Longer term if Microsoft / Amazon refine their offering, nobody else stands a chance at any big growth here. Microsoft have the biggest advantage IMO because they can do cheaper software, they get an amazing deal on hardware, they know the software better than anyone else, they can market it better than anyone else. Marketing is unique because they can change their licensing for non cloud customers to tease then into the cloud, then IT people will want to take the cloud exams to get qualified, which is powerful because when people get qualifications in an area, they tend to become evangelists. Why? Because firstly there's a feel good factor of having the qualification in something that people around you are enquiring about. Secondly they know the product so they're comfortable using it, so they look like better employees. There's risk in putting in another product and looking like an idiot. Thirdly they are forced to learn all the features of the product, so they know the benefits of the product without knowing the technical benefits of the other product (a problem because adverts are salesy and non technical, when the advisor to the buyer or buyer themselves is technical). The exam training is practically selling the products and forcing prospective customers to repeat the benefits over and over in their head to exam cram. Also it makes sense for managers to use technology their staff are trained in.

So Microsoft have the edge in my opinion...

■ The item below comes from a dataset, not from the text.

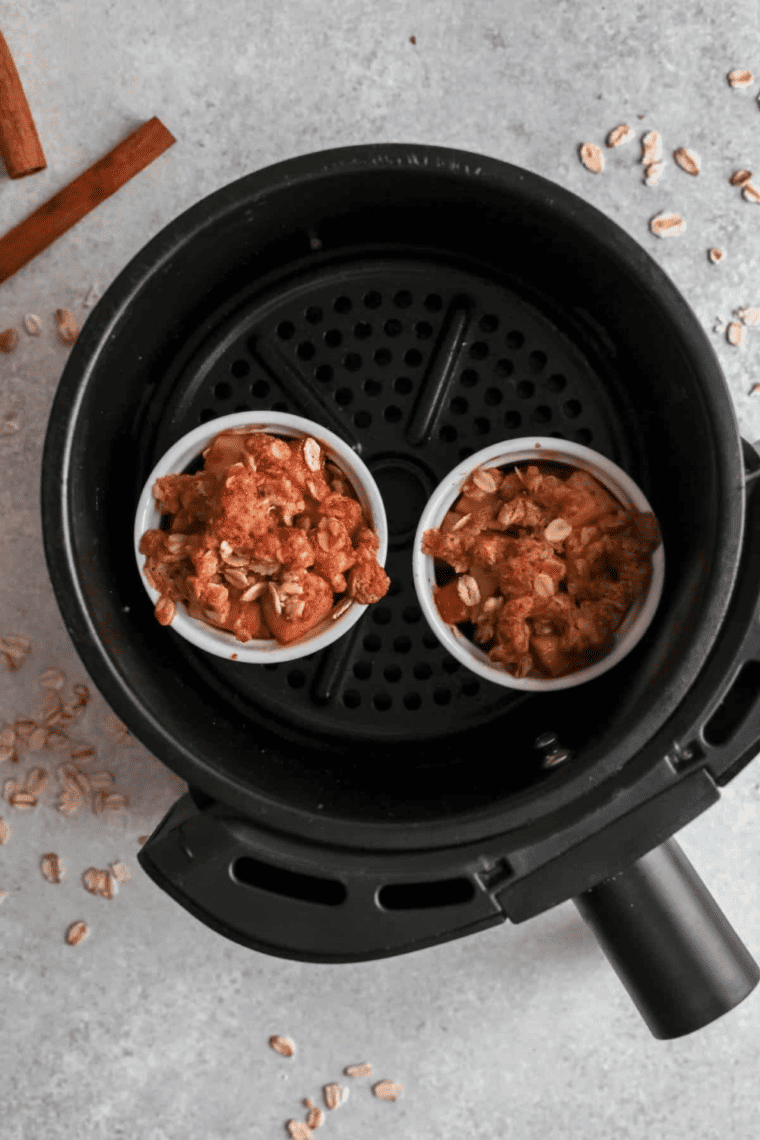 A close-up of the golden-brown apple crisp freshly cooked in the air fryer, with a spoon ready to serve.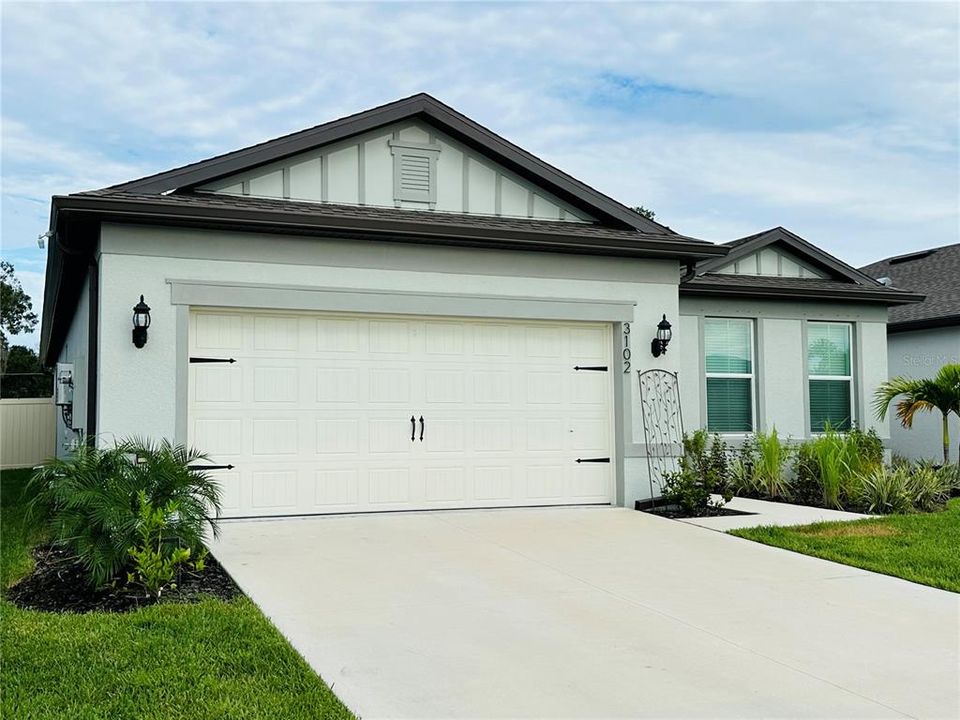 Front of the house with long and wide driveway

However, at the moment, if their sales are good and they have loyal customers and the purchase is earnings accreditive, or if they can offer something the big guys can't (local datacenter, access to said datacenter, support, extra services such as engineer resources for projects, data sovereignty, etc) then they may be sorted. Also they may have barriers to exit for customers, such as difficulty migrating out of the datacentre due to size of data stored and inability to migrate it out without an outage, fear of change. There is a comfort factor of knowing where your datacenter actually is and knowing the people hosting it.

Also Microsoft might not sort their $#!& out and might not engineer, maintain or push the product properly. Nothing is certain, right? It did take an unusually large amount of time to get azure out of beta.

All that being said, I would guess that there will be a place for small, local datacentres such as the one IFT have just bought. It's just not likely to be the next XRO.